Manufacturing shipments fell in January as the auto sector pulled down overall numbers, despite strength in several resource-based industries, Statistics Canada said today.

Shipments slipped 0.7% to $51.8 billion in January, following a 1.8% rise advance in December.

A substantial drop in motor vehicle and parts manufacturing largely contributed to January’s weakness, the agency said.

With those out of the mix, shipments actually edged up by 0.3%.

The report said the manufacturing sector has been volatile for 18 months, with some key industries struggling while others expanded to meet strong global demand.

The slip in January shipments hit only seven of the 21 manufacturing industries, although these industries accounted for just over one-half of the value of total shipments.

Seven provinces posted decreases in January, Ontario was hardest hit, with shipments off by $554 million or 2.1%.

Quebec’s manufacturers reported growth of $146 million or 1.2% to partly offset the decline.

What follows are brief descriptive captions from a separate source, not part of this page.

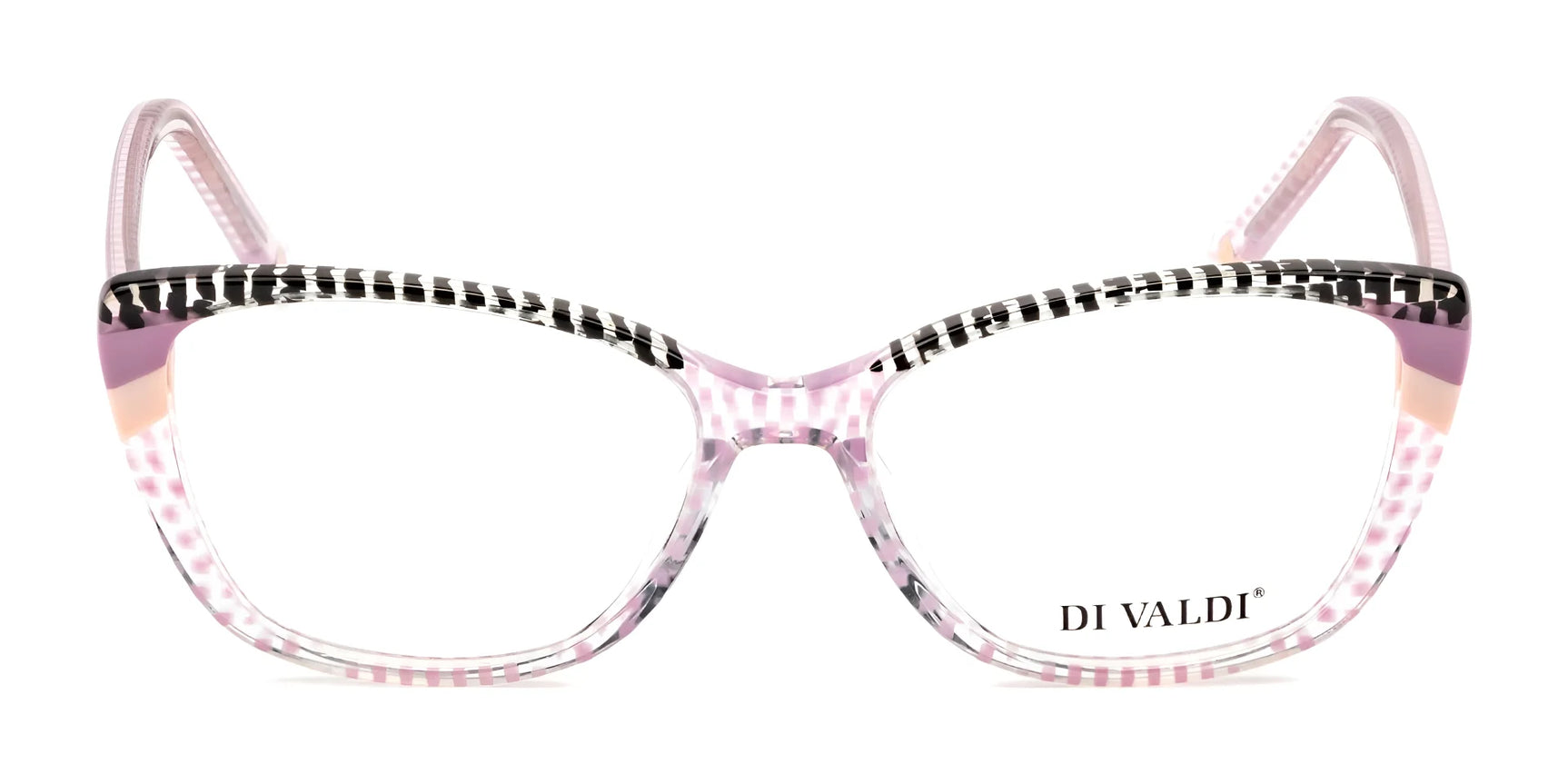 Di Valdi DVO8206 Eyeglasses (Size 52) feature a bold cat eye design with a striped pink, black, and white pattern and "Di Valdi" branding on the lens—ideal for standout fashion eyewear seekers. Di Valdi DVO8206 Eyeglasses (Size 52) feature a bold cat eye design with a striped pink, black, and white pattern and "Di Valdi" branding on the lens—ideal for standout fashion eyewear seekers.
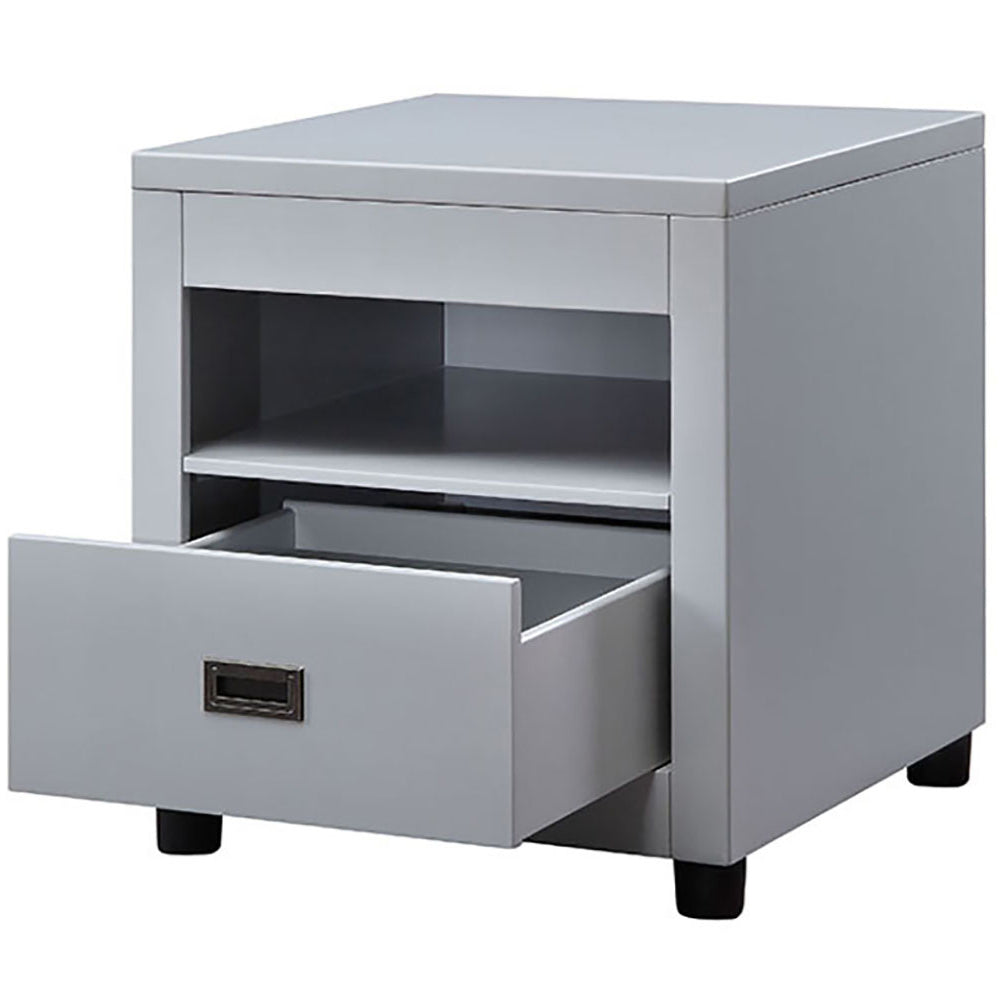 Grey modern nightstand with an open shelf and one partially open drawer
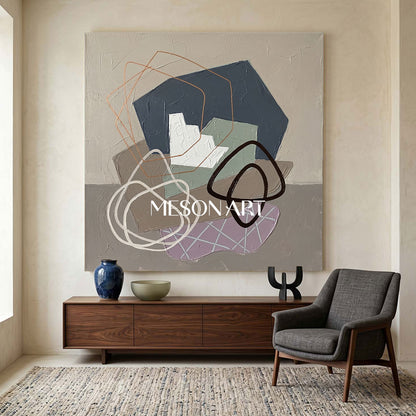 Abstract Plaster Texture Canvas Painting For Organic Modern Decor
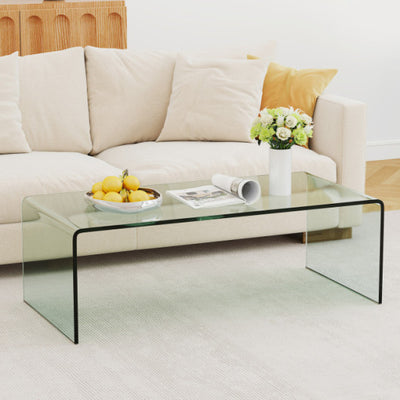 42 x 19.7 Inch Clear Tempered Glass Coffee Table with Rounded Edges-Transparent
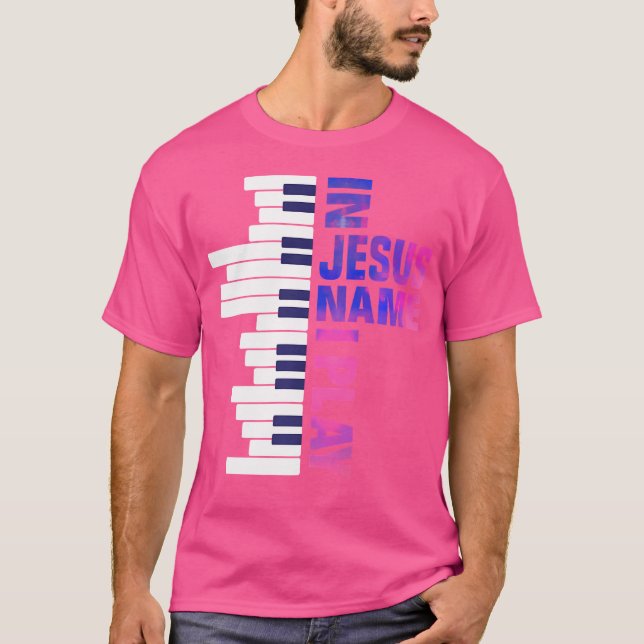 Camiseta Christian Jesus Piano Player Pianist Keyboard Play (Anverso)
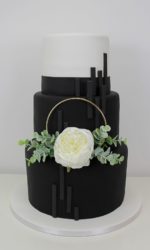 Black and White Geometric Cake with Gold Hoop No.W380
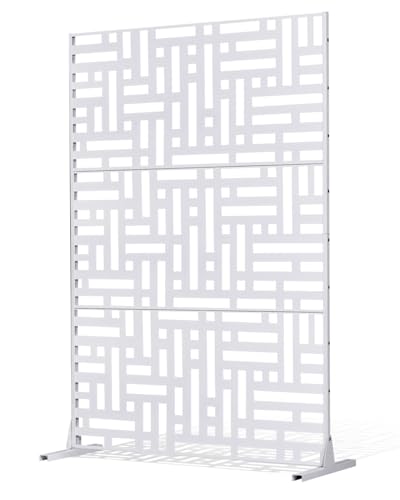 VEVOR Metal Privacy Screen, 47" W x 76" H Outdoor Privacy Screens 3-Panel, Freestanding Outdoor Divider with Stand, Decorative Garden Steel Privacy Fence for Balcony Patio Indoor Room Hot Tub White VEVOR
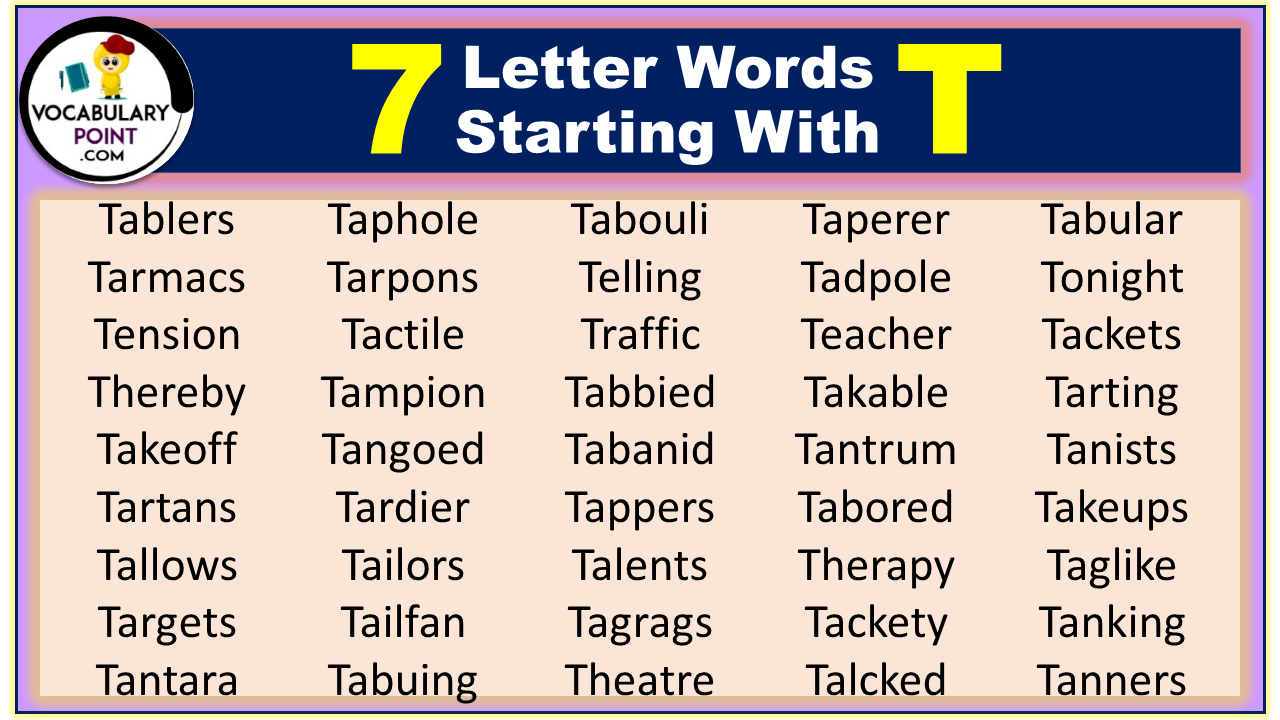 7 letter words starting with T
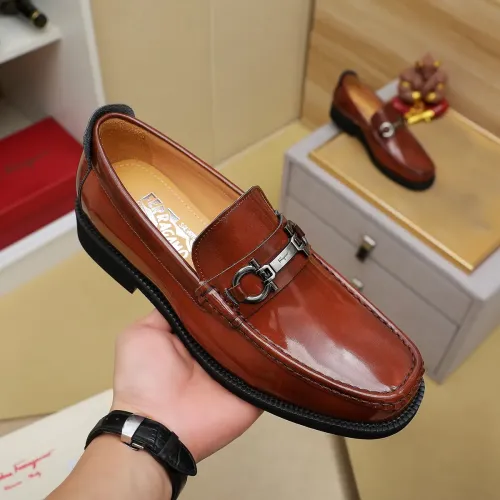 Cheap Salvatore Ferragamo Leather Shoes For Men #1399786 Replica Wholesale [$98.00 USD] [ITEM#1399786] on Replica Salvatore Ferragamo Leather Shoes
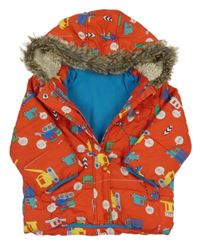 Červená šušťáková zimná bunda s autami a kapucňou Mothercare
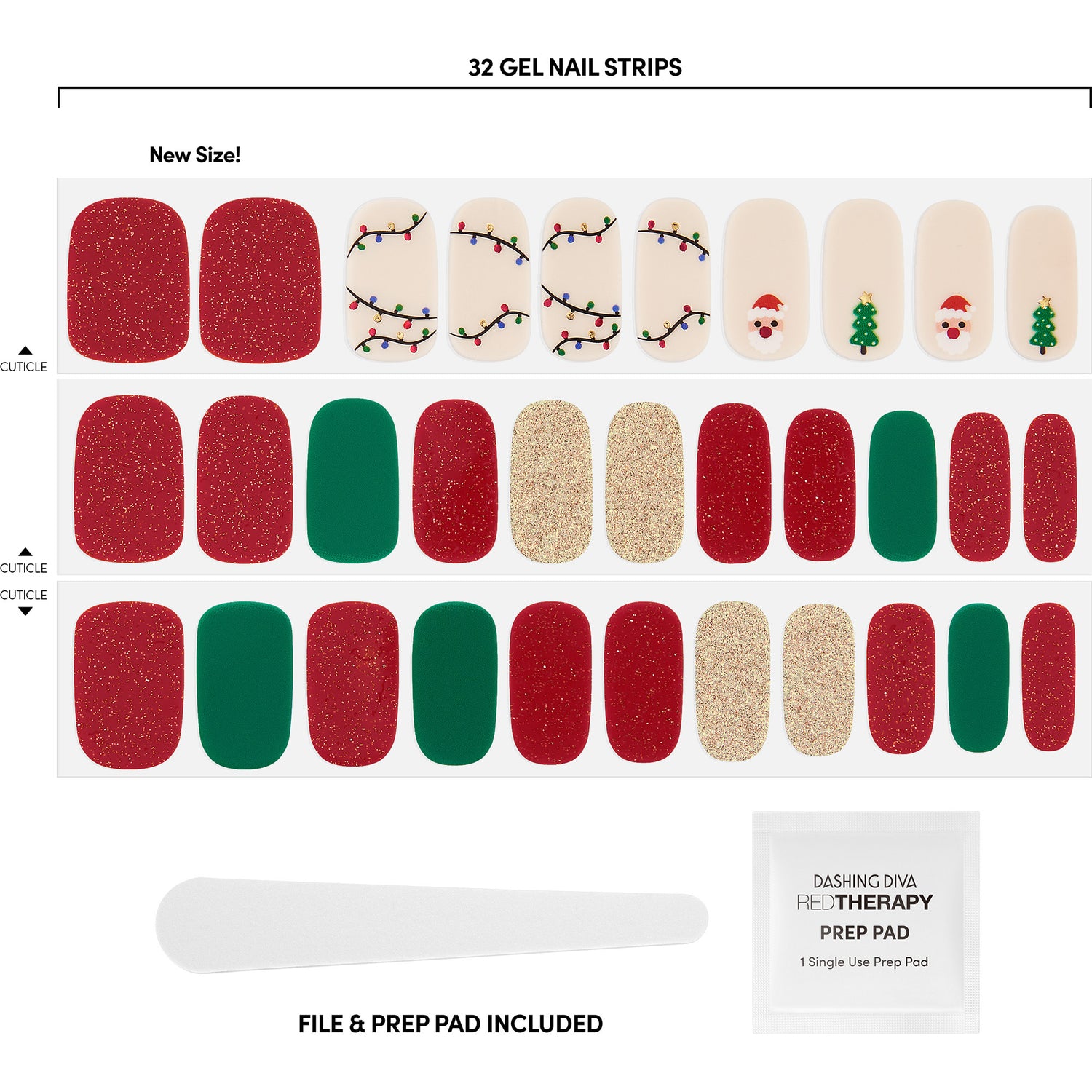 Solid green, solid sheer nude, glittered red, and glittered champagne nail strips featuring santa & tree icons and string light accents with a glossy, high-shine finish.
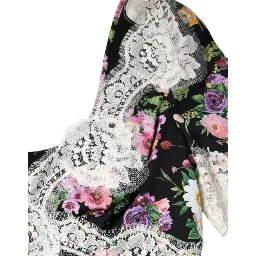 Black Floral Lace Short Sleeves Blouse Top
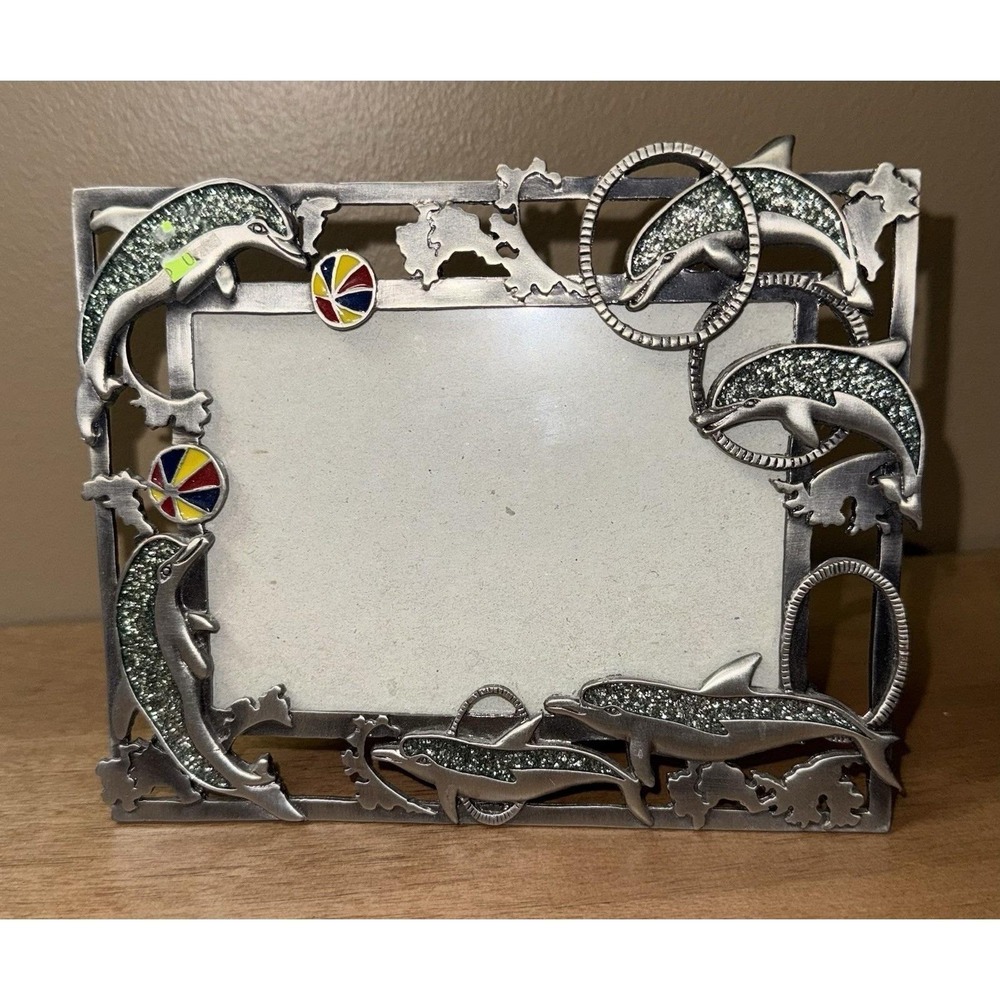 Dolphin Metal Picture Frame Pewter Tone Glitter Inlay Nautical Ocean Decor 4x6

In the auto sector, temporary plant closures and production slowdowns at some factories in January contributed to declines in the manufacturing of motor vehicles and parts. Vehicle shipments fell by 4.6%, to $5.4 billion, the third decrease in a row.

Parts makers lost most of the gains they made in December with shipments down 7.6% to $2.6 billion.

The statistics agency said the Canadian auto sector has been pummelled by a variety of problems, including soaring gas prices, fickle consumers and lagging sales.

Despite January’s overall decrease overall, the majority of industries posted higher shipments.

Robust global demand and soaring industrial prices fuelled a 4.8% jump in shipments of primary metals to $4.2 billion.

Above-average winter temperatures led to increased construction in North America and a consequent rise in the price of lumber.

Shipments of wood products rose 1.8% to $3 billion in January, the highest level since May 2005.

Manufacturers’ inventories continued to accumulate in January, rising 0.3% to $66.3 billion at month’s end. Inventories have been on a gradual rise for about two years.

Unfilled orders rose 1% to $43.2 billion in January, the fourth successive increase. As a result, the backlog of unfilled orders stood at $43.3 billion, the highest level since November 2002.

Following a surge in December, manufacturers’ level of new orders remained stable at $52.2 billion in January. Extensive decreases in the transportation equipment sector offset advances in new orders for fabricated metals products, primary metals and machinery.